__EXERCISE__
Exactly reproduce the entries, dropping any pictures from your copy.

Content starts

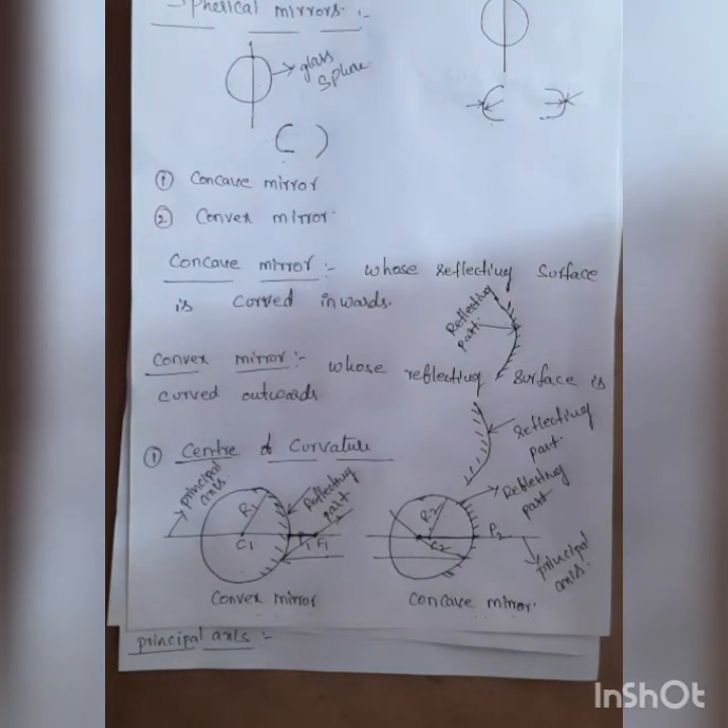These are the important parameters of spherical mirrors. There are two types of spherical mirrors: concave mirror and convex mirror. In a concave mirror, the reflecting part is the inner surface. In a convex mirror, the light reflects off the outer surface of the sphere.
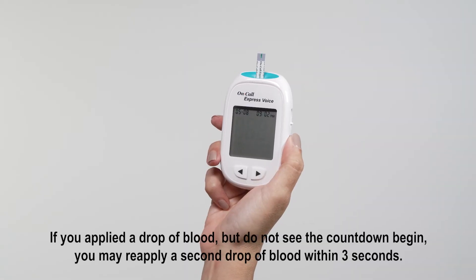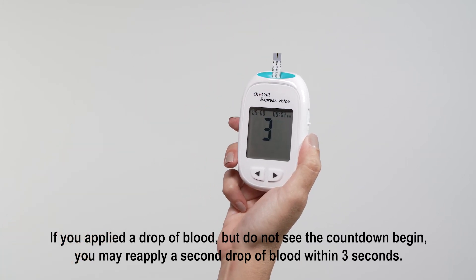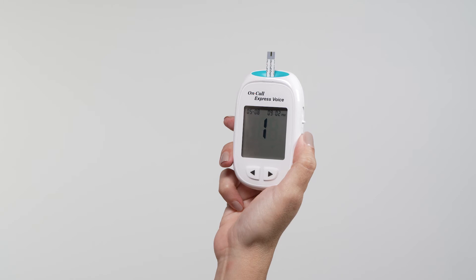Touch the blood sample to the sample tip at the end of the test strip. If the volume is greater than zero, the meter will beep to indicate the sample is sufficient and ready to test.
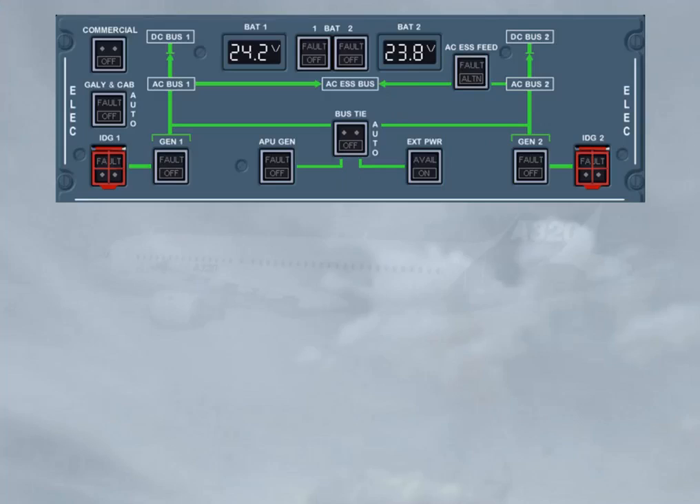After a long stop, as the aircraft has not been electrically supplied for at least 6 hours, one of the first items to check is the status of the batteries. To check the batteries, check they are off or switch them off, and check the voltages as they are always displayed.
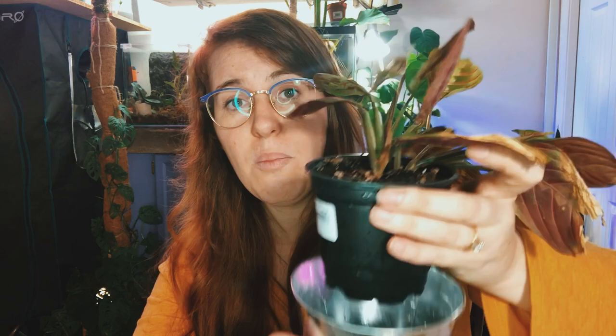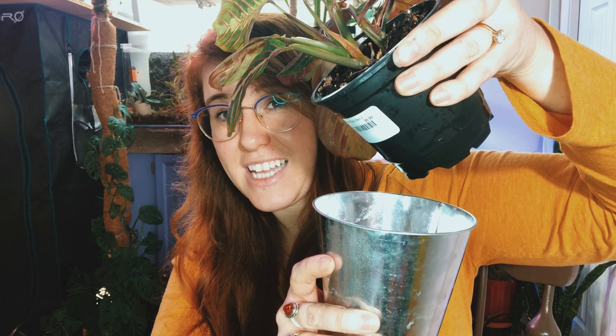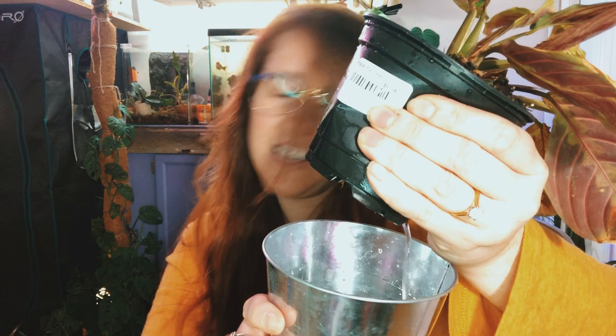If you're bottom watering and you notice that your pot is extra heavy — more water than the plant can handle — or you think you may have over-watered, just take the plant, tip it sideways to make the soil profile a little taller, add some negative pressure to it, and you will get some extra water to come out. You can also give your pot a little squeeze to make sure those roots aren't sitting in water.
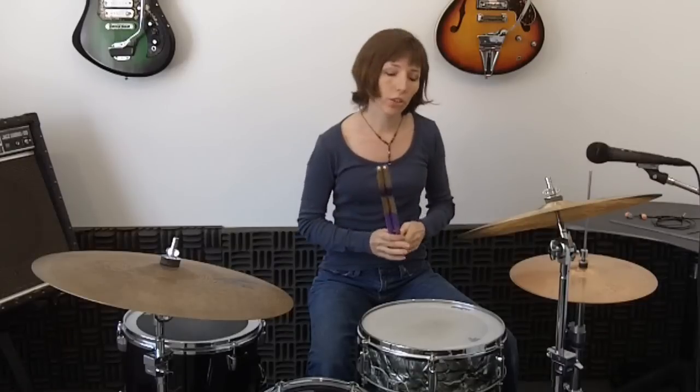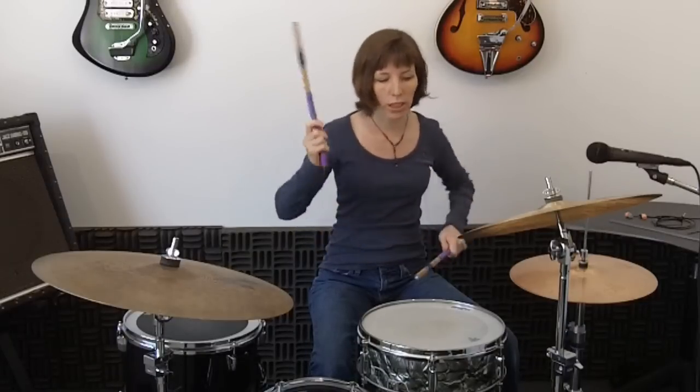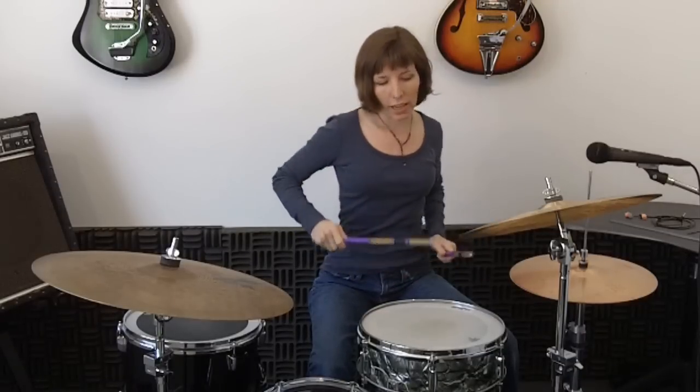Let me tell you about the counting. The first two notes are the 8th notes, and those are on beat 3, so they're counted 3 AND. The next notes, the 16th notes, are on beat 4, so they're counted 4 E AND 1. That's the beginning of the new measure when you hit the crash. So all together it's 3 AND 4 E AND 1.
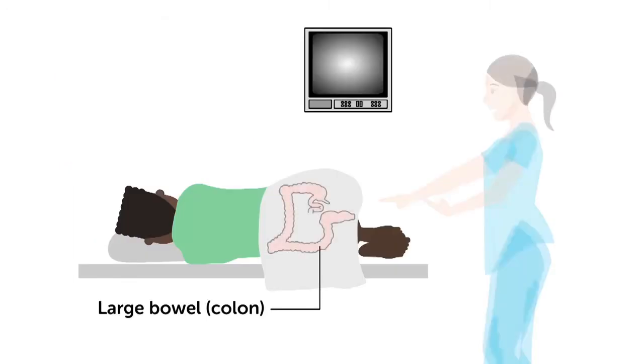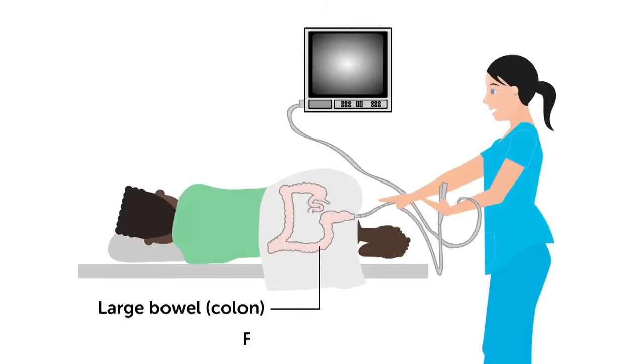For the test, you lie on your left side. The doctor or specialist puts a thin, flexible tube into your back passage and up into the bowel. On the end of the tube is a light and a camera. This sends pictures to a monitor. The tube puts air into the bowel to make it easier to see the lining.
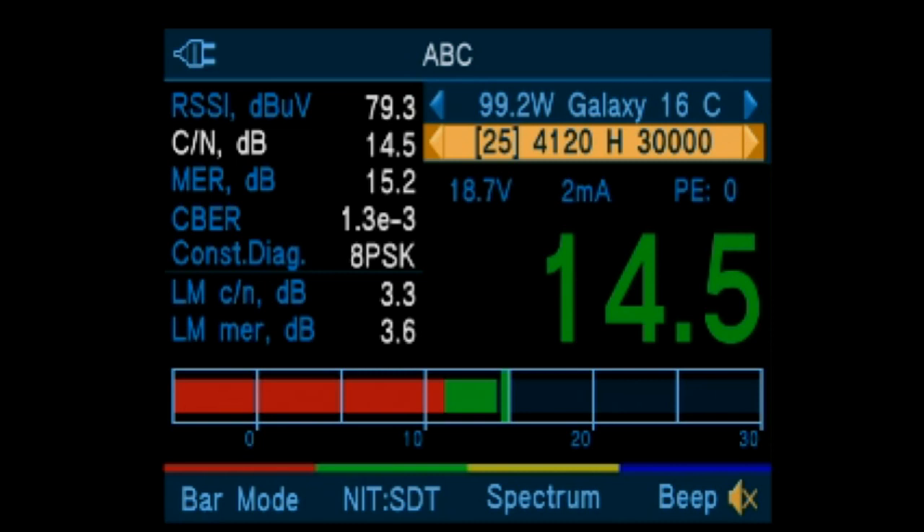By pressing the red button, the bar mode can be changed for different measurement types.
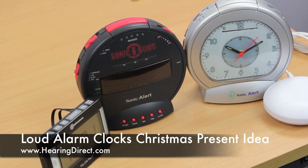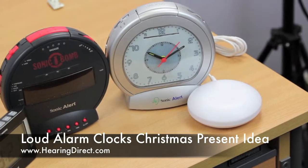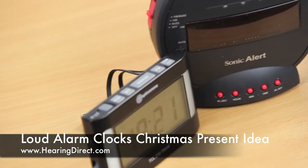This is a range of amplified alarm clocks. If you're wondering what to buy someone for Christmas, consider one of these presents, which may be a little bit unusual, but it will certainly ensure that they get up in the morning.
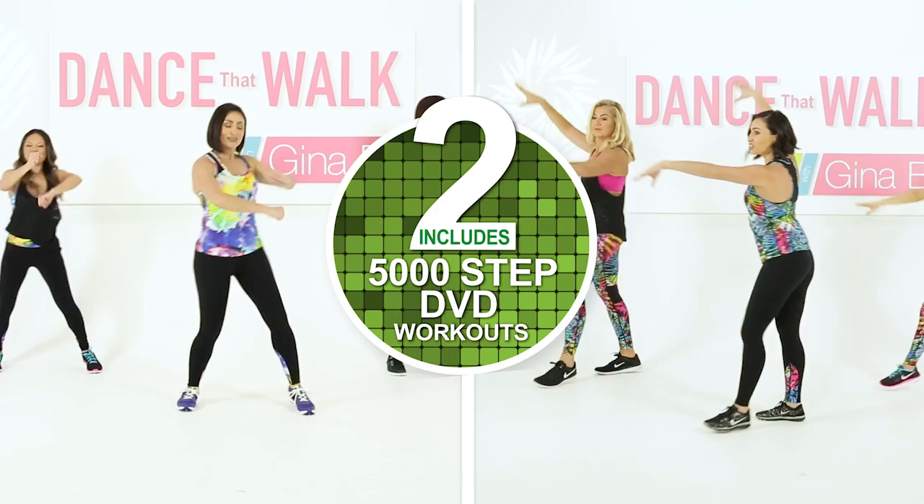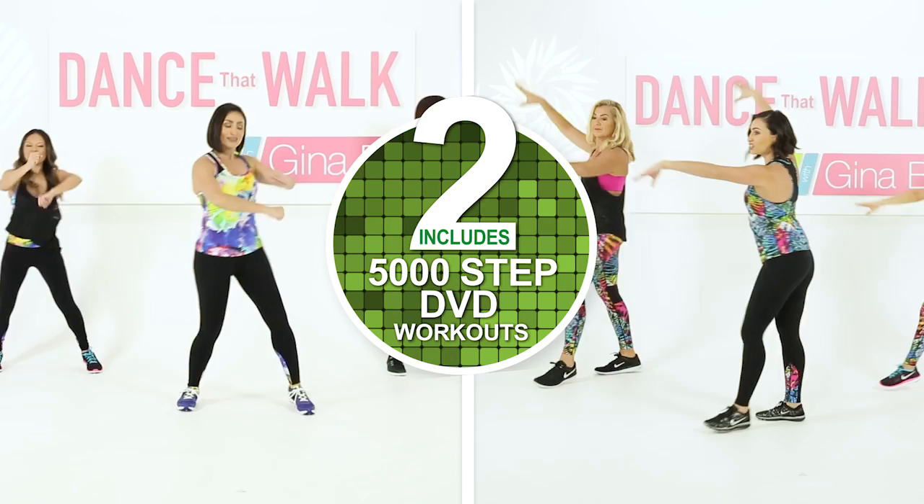Welcome to Dance That Walk, Cardio Party. Featuring two 45-minute workouts called Disco Fever and Latin Fiesta, this is the ultimate low impact walking workout pack.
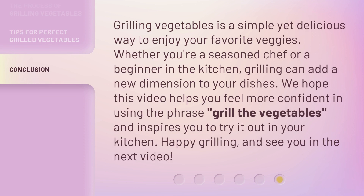Grilling vegetables is a simple yet delicious way to enjoy your favorite veggies. Whether you're a seasoned chef or a beginner in the kitchen, grilling can add a new dimension to your dishes. We hope this video helps you feel more confident in using the phrase 'grill the vegetables' and inspires you to try it out in your kitchen. Happy grilling, and see you in the next video.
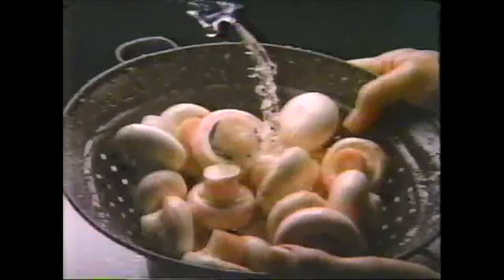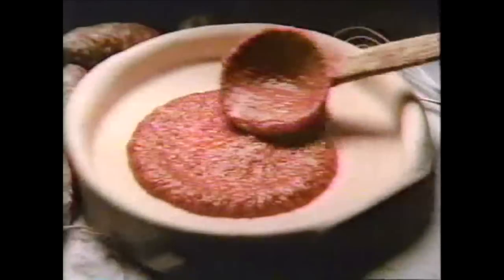In Italy, they discovered long ago that to make the perfect Italian pie, you must start with the perfect recipe. Italian sausage, pepperoni, cheddar and mozzarella cheeses. As they bake, the meats and cheeses blend to create a taste unlike any you've experienced.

Content ends

__RESULT__
These are the important parameters of spherical mirrors. There are two types of spherical mirrors: concave mirror and convex mirror. In a concave mirror, the reflecting part is the inner surface. In a convex mirror, the light reflects off the outer surface of the sphere.
Touch the blood sample to the sample tip at the end of the test strip. If the volume is greater than zero, the meter will beep to indicate the sample is sufficient and ready to test.
After a long stop, as the aircraft has not been electrically supplied for at least 6 hours, one of the first items to check is the status of the batteries. To check the batteries, check they are off or switch them off, and check the voltages as they are always displayed.
If you're bottom watering and you notice that your pot is extra heavy — more water than the plant can handle — or you think you may have over-watered, just take the plant, tip it sideways to make the soil profile a little taller, add some negative pressure to it, and you will get some extra water to come out. You can also give your pot a little squeeze to make sure those roots aren't sitting in water.
Let me tell you about the counting. The first two notes are the 8th notes, and those are on beat 3, so they're counted 3 AND. The next notes, the 16th notes, are on beat 4, so they're counted 4 E AND 1. That's the beginning of the new measure when you hit the crash. So all together it's 3 AND 4 E AND 1.
For the test, you lie on your left side. The doctor or specialist puts a thin, flexible tube into your back passage and up into the bowel. On the end of the tube is a light and a camera. This sends pictures to a monitor. The tube puts air into the bowel to make it easier to see the lining.
By pressing the red button, the bar mode can be changed for different measurement types.
This is a range of amplified alarm clocks. If you're wondering what to buy someone for Christmas, consider one of these presents, which may be a little bit unusual, but it will certainly ensure that they get up in the morning.
Welcome to Dance That Walk, Cardio Party. Featuring two 45-minute workouts called Disco Fever and Latin Fiesta, this is the ultimate low impact walking workout pack.
Grilling vegetables is a simple yet delicious way to enjoy your favorite veggies. Whether you're a seasoned chef or a beginner in the kitchen, grilling can add a new dimension to your dishes. We hope this video helps you feel more confident in using the phrase 'grill the vegetables' and inspires you to try it out in your kitchen. Happy grilling, and see you in the next video.
In Italy, they discovered long ago that to make the perfect Italian pie, you must start with the perfect recipe. Italian sausage, pepperoni, cheddar and mozzarella cheeses. As they bake, the meats and cheeses blend to create a taste unlike any you've experienced.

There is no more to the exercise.